问题
I have created a dataframe like below, where I have used to_json() method to create JSON array value.
+----------------------------------------------------------------------------------------------------
|json_data |
+-----------------------------------------------------------------------------------------------------------+
|{"name":"sensor1","value-array":[{"time":"2020-11-27T01:01:00.000Z","sensorvalue":11.0,"tag1":"tagvalue"}]}|
+-----------------------------------------------------------------------------------------------------------+
I am using the below method to send the dataframe to a kafka topic. But when I consume the data which has been sent to the kafka topic, I could see the json data got stringified.
Code to push the data to kafka:
outgoingDF.selectExpr("CAST(Key as STRING) as key", "to_json(struct(*)) AS value")
.write
.format("kafka")
.option("topic", "topic_test")
.option("kafka.bootstrap.servers", "localhost:9093")
.option("checkpointLocation", checkpointPath)
.option("kafka.sasl.mechanism", "PLAIN")
.option("kafka.security.protocol", "SASL_SSL")
.option("truncate", false)
.save()
Stringified data being received in kafka:
{
"name": "sensor1",
"value-array": "[{\"time\":\"2020-11-27T01:01:00.000Z\",\"sensorvalue\":11.0,\"tag1\":\"tagvalue\"}]"
}
How can we send the data to kafka topic, so that we dont see stringified jsons as output ?
回答1:
json_data
is of type string
& again you are passing json_data
to
to_json(struct("*"))
function.
Check value
column which is going to kafka.
df.withColumn("value",to_json(struct($"*"))).show(false)

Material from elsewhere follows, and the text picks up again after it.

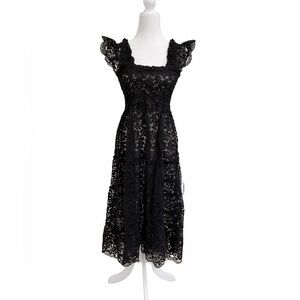 Hill House Black Lace Midi Dress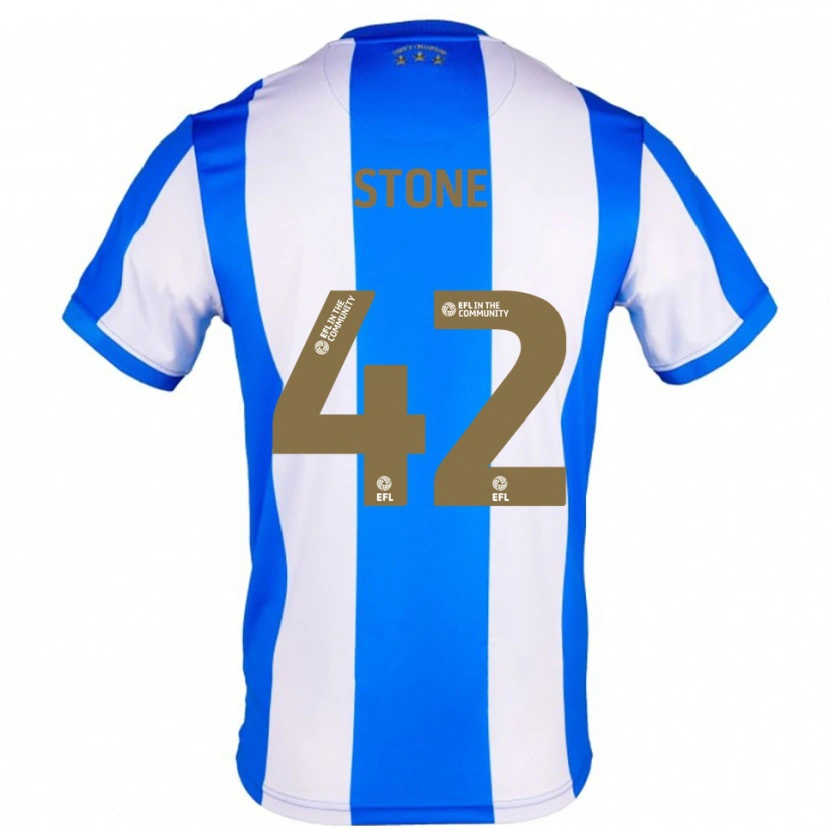 Danxen Mænd Michael Stone #42 Blå Hvid Hjemmebane Spillertrøjer 2025/26 Trøje T-Shirt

+-----------------------------------------------------------------------------------------------------------+-------------------------------------------------------------------------------------------------------------------------------------------+
|json_data |value |
+-----------------------------------------------------------------------------------------------------------+-------------------------------------------------------------------------------------------------------------------------------------------+
|{"name":"sensor1","value-array":[{"time":"2020-11-27T01:01:00.000Z","sensorvalue":11.0,"tag1":"tagvalue"}]}|{"json_data":"{\"name\":\"sensor1\",\"value-array\":[{\"time\":\"2020-11-27T01:01:00.000Z\",\"sensorvalue\":11.0,\"tag1\":\"tagvalue\"}]}"}|
+-----------------------------------------------------------------------------------------------------------+-------------------------------------------------------------------------------------------------------------------------------------------+
Try below code.
df
.withColumn("value-array",array(struct($"time",$"sensorvalue",$"tag1")))
.selectExpr("CAST(Key as STRING) as key",to_json(struct($"name",$"value-array")).as("value"))
.write
.format("kafka")
.option("topic", "topic_test")
.option("kafka.bootstrap.servers", "localhost:9093")
.option("checkpointLocation", checkpointPath)
.option("kafka.sasl.mechanism", "PLAIN")
.option("kafka.security.protocol", "SASL_SSL")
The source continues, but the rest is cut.